I’ve already run on too long, for in truth I don’t think Arel’s slander deserves a response this thorough (and, truth be told, his commenters have kicked his tuchas so hard that he won’t be sitting down for a month), but I want to say one more thing about Dave Rubin. Arel indicts him, as have others, for failing to call out the right-wing views of some of his guests. Arel:

Host of the online talk-show The Rubin Report, Dave Rubin, an outspoken atheist, invites the likes of former Breitbart editor Ben Shapiro, or Breitbart’s controversial Milo Yiannopoulos to speak for hours without offering counter arguments or forcing them to defend their white nationalist and xenophobic ideologies. Instead, Rubin looks for points of agreement and forms bonds. The alt-right, in turn, enjoys Rubin’s large audience to spread their message of hate. Rubin has stated his choice of guests help him push his own agenda, so if one is confused as to why he brings on such voices, it’s because Rubin himself is pushing this same agenda.

Rubin claims to be a champion of the free exchange of ideas, but you’d be hard pressed to find a guest he disagrees with. He goes as far as to blame the left for the election of Donald Trump, accusing the politically correct culture of rallying the right around Trump’s message.

What Rubin ignores is the fact that he gave a megaphone to many of Trump’s loudest supporters, giving rise and credibility to their ideas, empowering the white nationalist movement and bringing them to new audiences. It’s not the left that helped elect Trump, it was racism, sexism, anti-Muslim bigotry, and those who helped raise those voices above the rest.

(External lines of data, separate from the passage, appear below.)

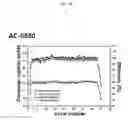 Fig. 06 - Accelerated lifetime test device for redox flow battery
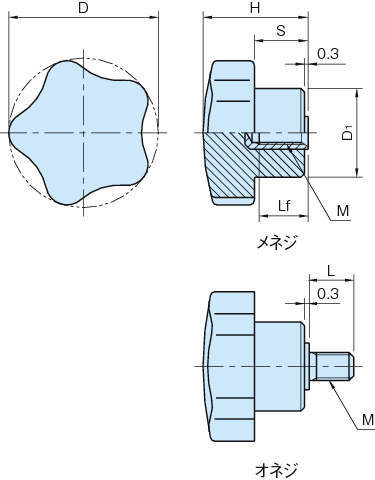 BTK 탭드블라인드노브(암나사)
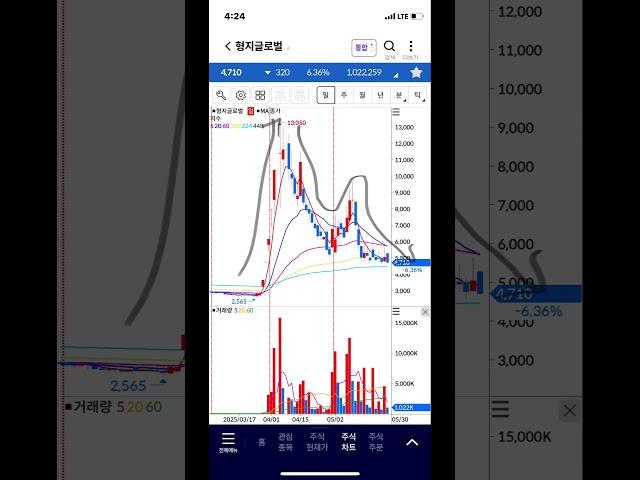 형지글로벌 하락 지속, 주식 주가 전망, 차트 분석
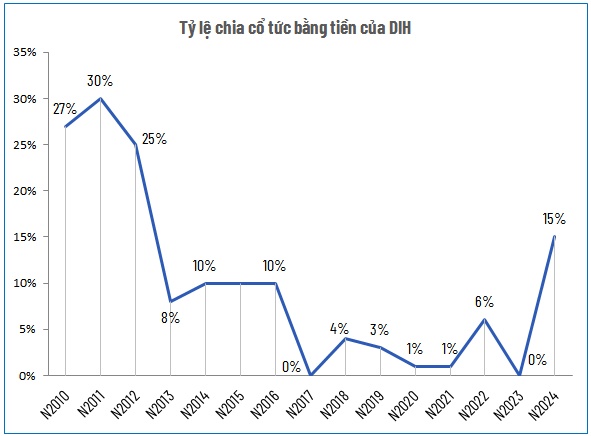 DIH chốt quyền nhận cổ tức tiền mặt tỷ lệ 15%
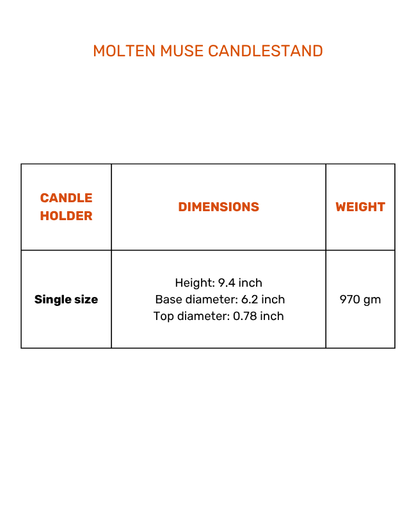 Molten Muse Candlestand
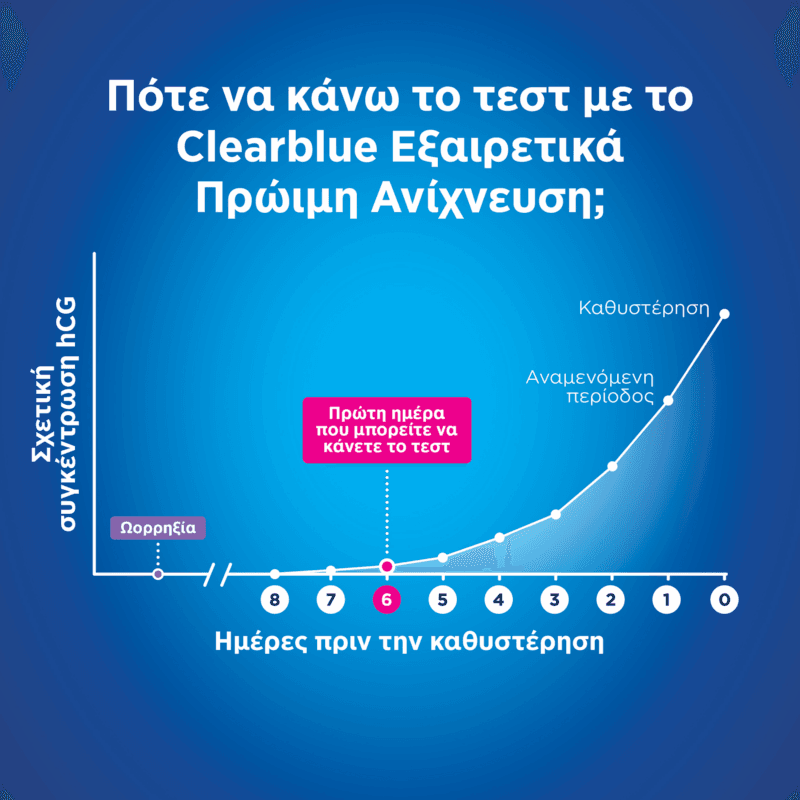 80804838_8700216528634_CLEARBLUE ΤΕΣΤ ΕΓΚΥ.ΠΡΩΙΜΗ ΑΝΙΧΝΕΥΣΗ 2CT_S6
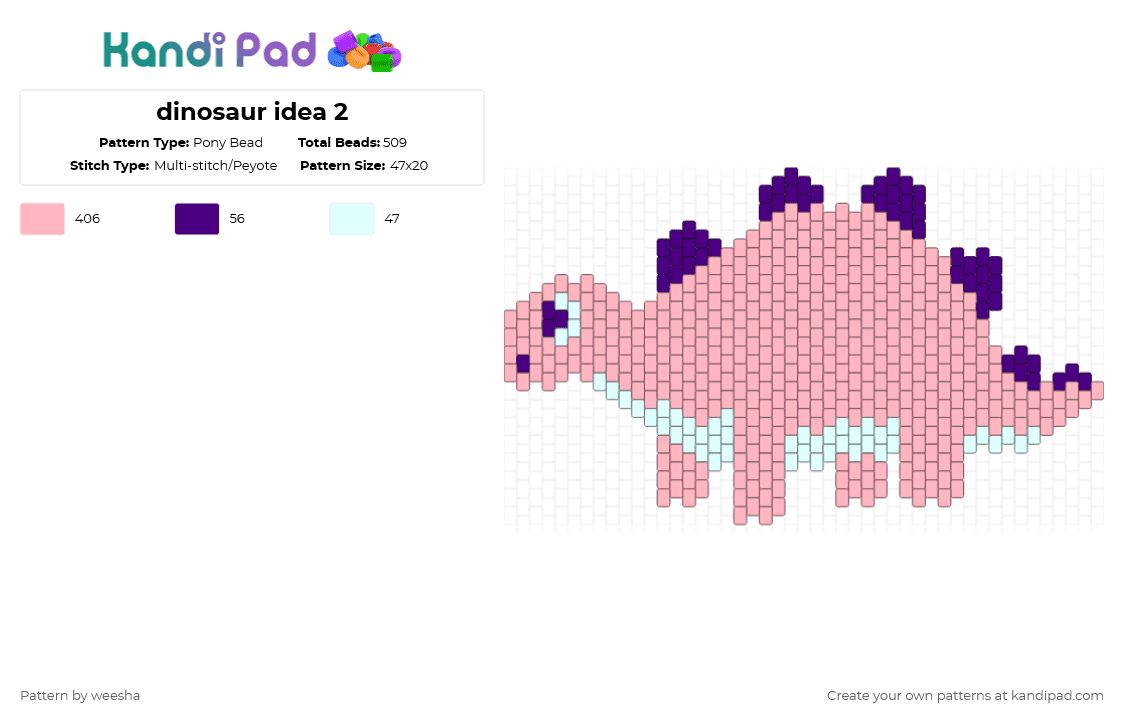 dinosaur idea 2 - Pony Bead Pattern by weesha on Kandi Pad - pink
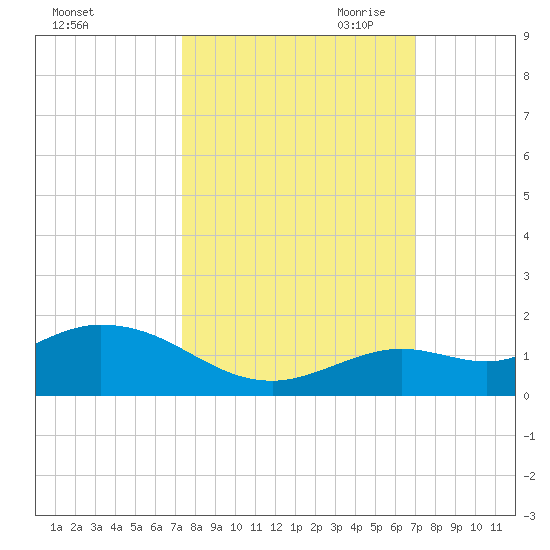 Niles Channel South tide chart for Friday, October 11, 2024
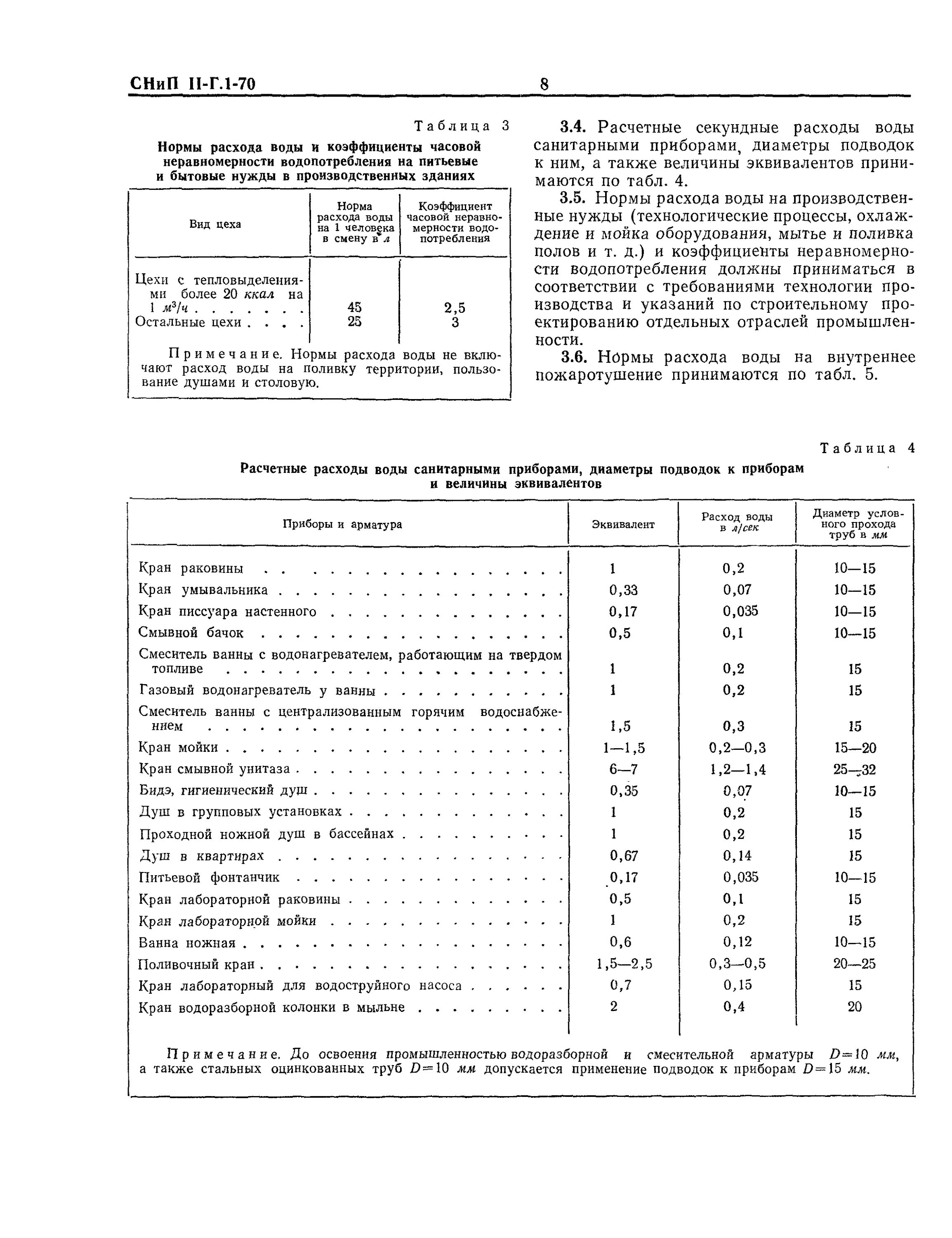 Расход воды на мойке. Нормы расход воды мойке. Норма расхода воды на мойку полов. Норма расхода воды на мытье полов. Норма водопотребления для производственных помещений.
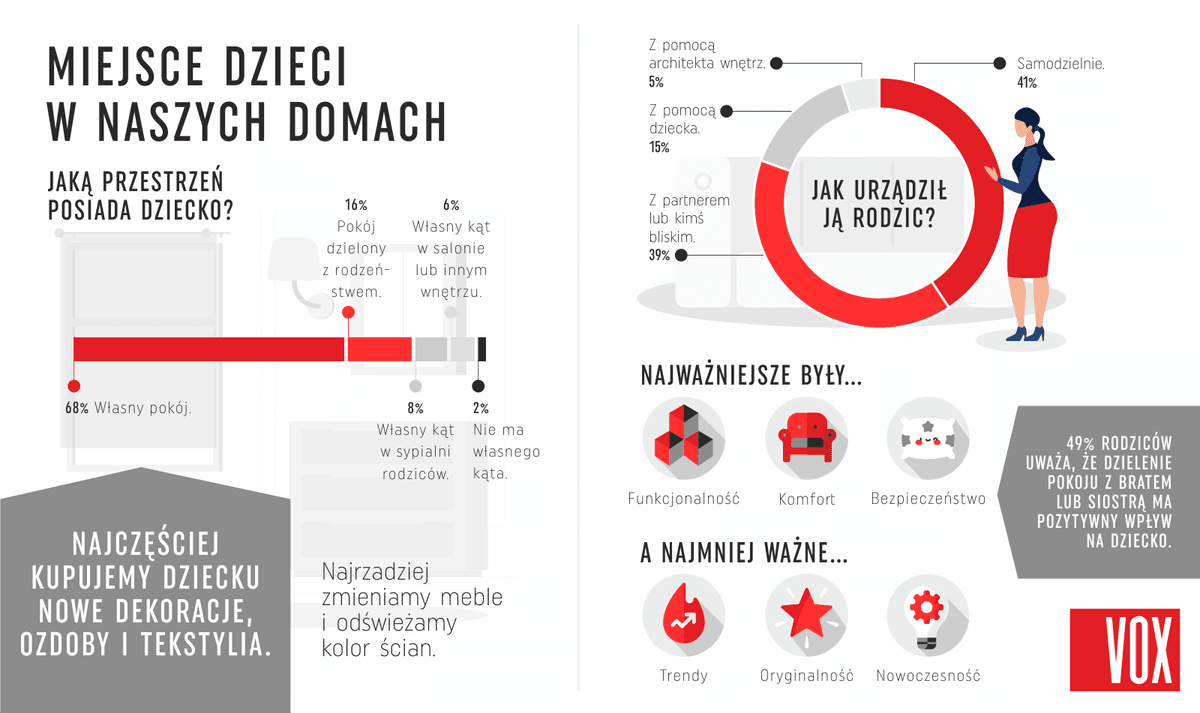 Infografika 1 - Przestrzeń dzieci w polskich domach. Większość dzieci posiada własny pokój. Najczęściej kupowane są dekoracje i tekstylia. Rodzice urządzają pokój, kierując się funkcjonalnością, komfortem i bezpieczeństwem.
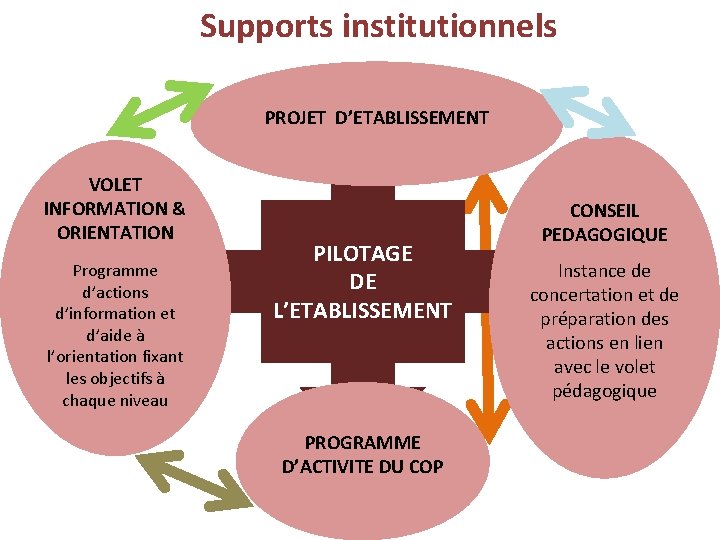 Supports institutionnels PROJET D’ETABLISSEMENT VOLET INFORMATION & ORIENTATION Programme d’actions d’information et d’aide à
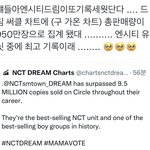 [NCT드림] <b>구가</b>온 차트 총앨범 950만장 유닛일위+회사2위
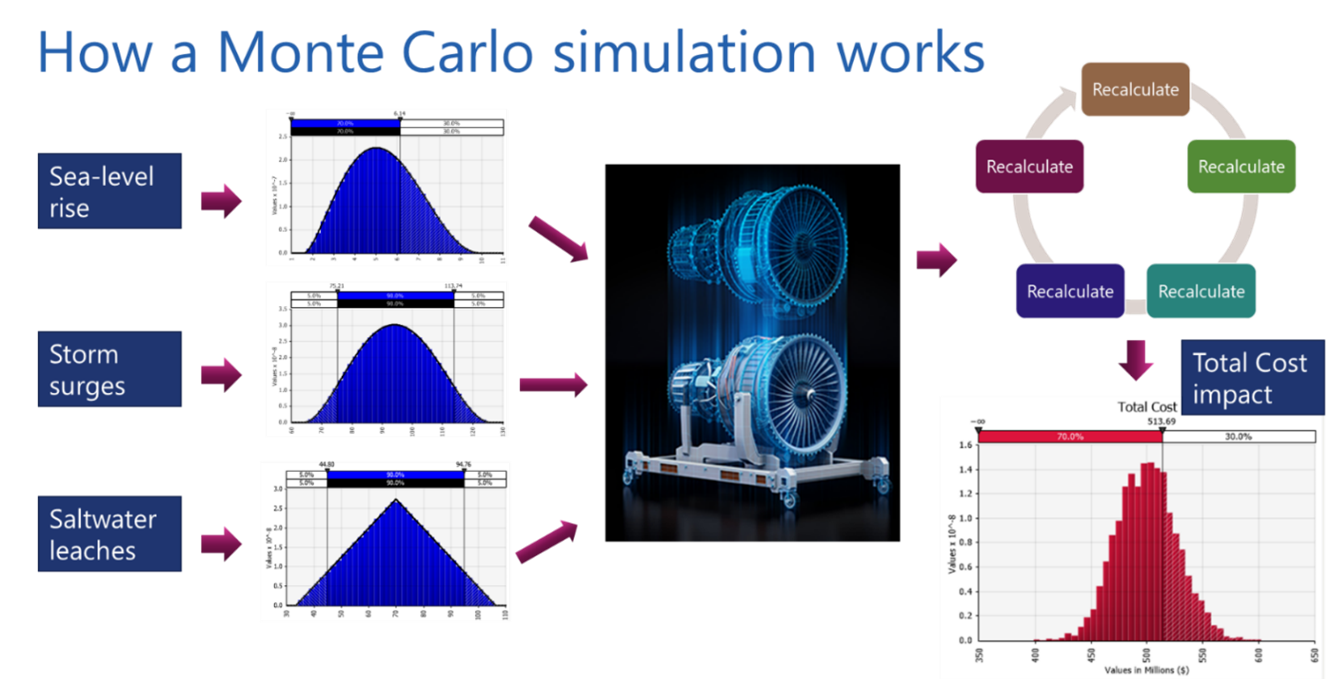 Graphic showing how Monte Carlo simulation works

If you consider who Rubin’s had on, including Sam Harris, Gaad Sad, Milo, Ayaan Hirsi Ali, Lawrence Krauss, Inna Shevchenko, Sarah Haider, and so on, you’d be hard pressed to see these as fitting into any consistent agenda, much less the “alt-right” one or any adherence to “the white nationalist movement” (some of these guests, after all, aren’t white!). Rubin’s model for a talk show is not Jerry Springer, but Larry King, where guests get to simply air their views. Now you may say that Rubin lets some pretty odious views pass uncriticized, but remember that, as he’s always emphasized, he’s drawing out people’s ideas in an attempt to have his audience find a place where both Left and Right can sit on common ground.  It is the division between people, both culturally and politically, that has led to our extremely polarized society. If we’re to fix that, we either have to increase the polarization, and foment a revolution, or try to find compromise within our democracy. Rubin, I think, is engaged in the latter project.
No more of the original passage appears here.